The Iranian Jews’ decisions to serve in public offices not only reflect their desire to give back to society but is also a historical milestone as they were historically denied political participation in Iran for centuries. Jews have lived in Iran for 2,500 years but rarely have held positions in government or within the political realm. Since Iranâs Constitution was passed in 1909, Jews have been permitted to select one person from their community to serve in Parliament. This denial of political rights to Iranian Jews is a far cry from the latest news that Century City Iranian Jewish attorney H. David Nahai was nominated to head the L.A. DWP. Of course we in the Iranian Jewish community are proud of the achievement as it is a very important public office within the largest public water and power entity in the country.
On a side note, Shooshani is no novice when it comes to local politics since he became the first Iranian American Jew to run for public office in the U.S. during his 1996 bid for a seat on the Beverly Hills City Council. While he did fall way short of the votes necessary to win, Shooshani became a pioneer within the community since he decided to venture into politics—a area which Iranian Jews had previously not even considered getting into. He subsequently supported Delshad’s efforts to get elected in 2003 to the Beverly Hills City Council. “I did not believe I would win, but I thought it would be an opportunity to learn about the system and open the way for others,” Shooshani said to me in an interview earlier this year. “I’m very happy I did; it was one of the best decisions of my life.”
Earlier this year my piece in the L.A. Jewish Journal uncovered two other Iranian Jews, who in addition to Delshad, were vying for two vacant seats on the city council. While Delshad was re-elected by a narrow margin this year, the three Iranian Jewish candidates collectively earned more than 50% of the votes cast in the election. This substantial voter turn out from our community reflects the reality that Iranian Jews in Beverly Hills are an important constituency for candidates to court for both fundraising purposes and for public support.
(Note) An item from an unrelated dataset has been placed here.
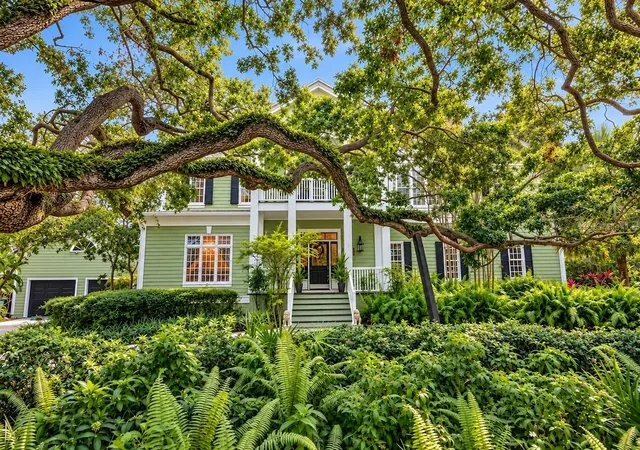 Photo 3 of Single family home for sale at 6220 Bayshore Blvd, Tampa, FL 33611 | MLS# TB8506772 | Listing updated on 2026-09-21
Los Angeles Mayor Antonio Villaraigosa knows how important Iranian Jews are as a constituency because in April 2005, a fundraising event at the Beverly Hills home of Iranian Jewish businessman Leon Farahnik, helped raise $40,000 for his campaign. Hopefully the Iranian Jewish community’s strong financial strength and high voter turn out will prompt more candidates to focus on issues important us—such as support for Israel and weakening Iran’s economic situation. Perhaps the best description of our community’s growing involvement in politics was given to me by Sam Kermanian, secretary general for the Iranian American Jewish Federation in Los Angeles who said;
“It took a while for us [Iranian Jews] to take care of our immediate needs in the U.S. This is a community that came here as refugees and had to put its foundations in place, so getting involved in politics only became a priority after all these other issues were taken care of.”